Major Charles Gilson 1878-1943

On Secret Service, 1935. Humphrey Milford/Oxford University Press. A first world war spy story in which a cell of German spies set up a beacon to guide Zeppelins to bomb Whitehall. Felix Von Arnheim, German masterspy, alias Hubert Hamilton uses his Old Etonian background and contacts to lead the group. Daniel Wansborough, British counter-espionage officer, is tasked to discover and neutralise the plot. Young George Thurlow is kidnapped after apprehending a spy dropped from a Zeppelin, and works out the plot from the inside.This is pre-parachute so the spy has to be lowered in an observation car on a mile-long wire.

Gilson had been writing stories for boys since before the first world war, cutting his authorial teeth in Boys Own Paper (BOP). His writing is jingoistic, blaming the Germans for the war and heroising the allies (this book shows cooperation with the French). A pawnbroker, Israel Levinski is "a Russian Pole. A Jew" (strange labelling!) and his 'hooked nose' makes the stereotype clear (198-9). He is dirty, in a dingy house, but the detail is positive and sensitive. He is not a money-grabber but a poor man trying to survive, a refugee. In contrast, Lord Freyling is a wastrel, a gambler, who betrays his country to pay off his gambling debts. The story follows George first, then cuts to Daniel's investigation, joining up when Daniel taps on the window of the room in which George is imprisoned (137, 204).

Gilson's Germans were Nazis, not 1914 period pieces. The espionage threat was real and modern, and Gilson set the trend for spy hunts which dominated children's fiction until after 1945. He was nearing the end of his writing life and was increasingly affected by the illness which ended his life.

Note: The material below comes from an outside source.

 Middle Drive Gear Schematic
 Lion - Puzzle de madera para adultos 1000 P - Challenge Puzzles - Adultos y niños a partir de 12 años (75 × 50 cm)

But his writing was truely multicultural, and warned vividly of the dangers of totalitarianism, whether Nazi or Japanese. His Out of the Nazi Clutch (1940) was a remarkable book to be penned at the outbreak of war. A schoolboy Walter, studying in Germany rescued a Christian boy, Otto Spohr, a quarter Jewish, being stoned by a mob. Gilson is, as usual part teacher-preacher, blaming the Nazis for their policy of hatred, and condemning thier followers for blind obedience. Walter's hosts actually condemn themselves - " is a terrible disgrace on Germany... but what can we do?": their son is in Hitler Youth. Walter saves the Spohrs from Buchanwald concentration camp, that "place of torture" for people whose only crime was being Jewish. No trial -"beaten, scourged and kicked, many of them not to be seen again alive" (92-3). All this in 1939-40, when even the British government were denying it. My thanks to Owen Dudley Edwards for a lively discussion of Gilson in British Children's Fiction in the Second World War, especially pages 561-7.